We've already provided a strings.txt file with every in-game string from version 1.31 of Uplink (the very latest). We recommend you start with this, as many strings are already marked as debug messages which don't need translating. Move the strings.txt file into your source directory next to to use the existing strings.

In strings.txt you will see entries like this:

en*: "Finished saving %s\n"

The 'en*' at the front indicates it's in English, and the '*' indicates it _doesn't_ need translating because it's a debug message. You'll also see entries like this:

en: "Multiple Uplink Agent murders reported"
gr: "Mehrere Morde an Uplink Agenten gemeldet"

The first line starts with 'en' which indicates it's an English string that needs translation. The next line is a German translation of that line. We've left the German strings in the file as an example. You can actually have as many different translations in the strings.txt file as you wish, so long as each starts with a different 2 letter country code, such as 'en' or 'gr' or 'ru'. Each translation "block" consists of an English string, followed by any number of other-language translations, followed by a blank line.

Whenever you add new strings to the game, or change existing ones, you can re-extract the strings using the command

perl --prune

This will go through all the source files recursively and will add in any new strings needed, and remove any unused ones. It will put all the strings into a new file called strings-pruned.txt. The original strings.txt is unmodified.

If you want to generate an entirely new strings.txt file, you should first create an empty strings.txt file. Then run the command "perl --prune". This will put all the strings into the new file strings-pruned.txt. Keep in mind that you will have lost all of the 'en*' signs that signify a string doesn't need translating.

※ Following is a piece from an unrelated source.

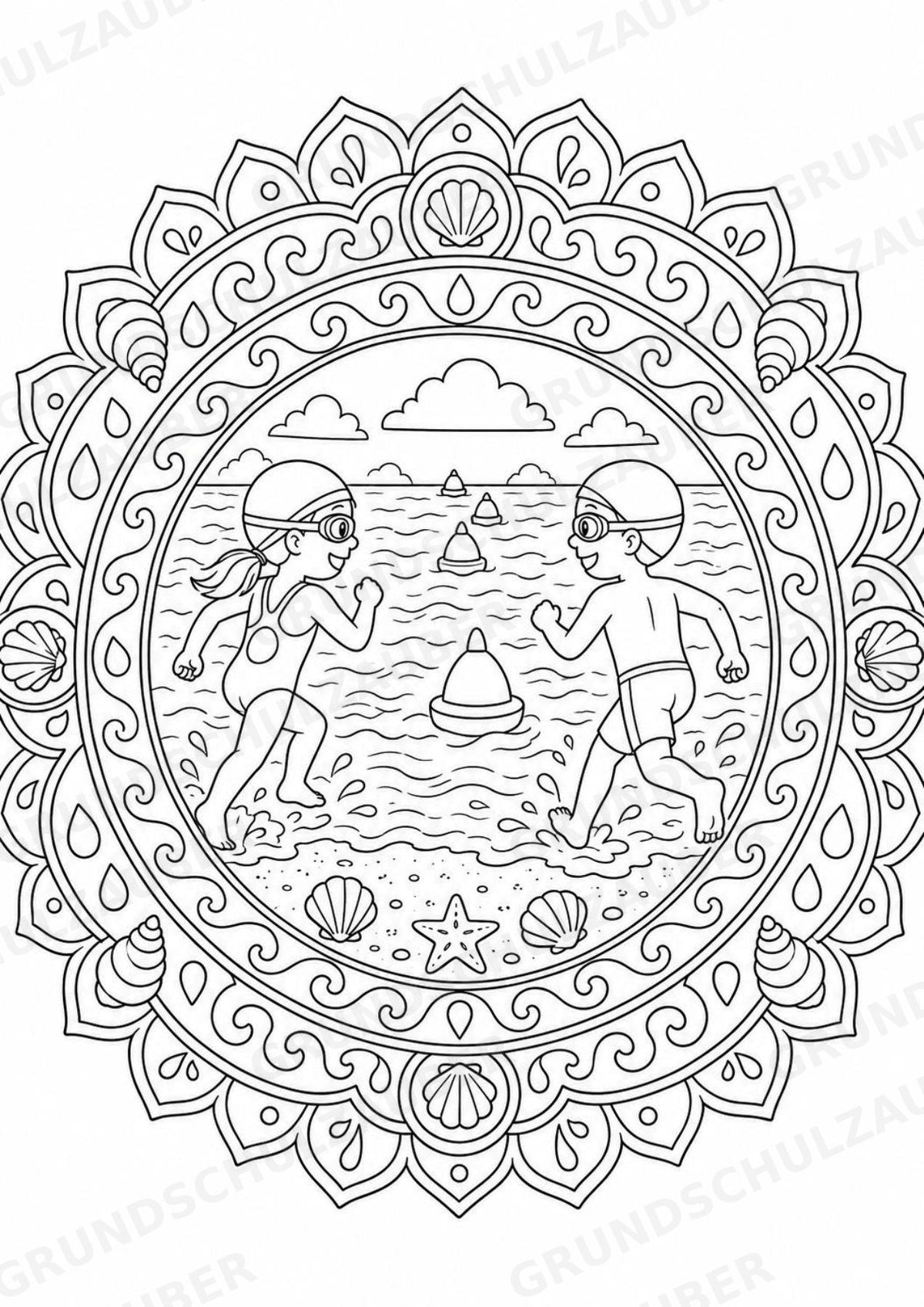 Triathlon Mandalas Ausmalbilder – Sport – 15 Malvorlagen – Materialseite 7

Once you've translated all the strings marked as 'en' (there are many thousands unfortunately) you can re-integrate them like this:

perl --lang=gr

This will take all the translations that start with 'gr' (insert your own country code here) and put them into the source files. The translated files will have the same filename, but with -trans on the end. For example uplink.cpp will be translated to uplink-trans.cpp. You can then build those trans files to get the new language.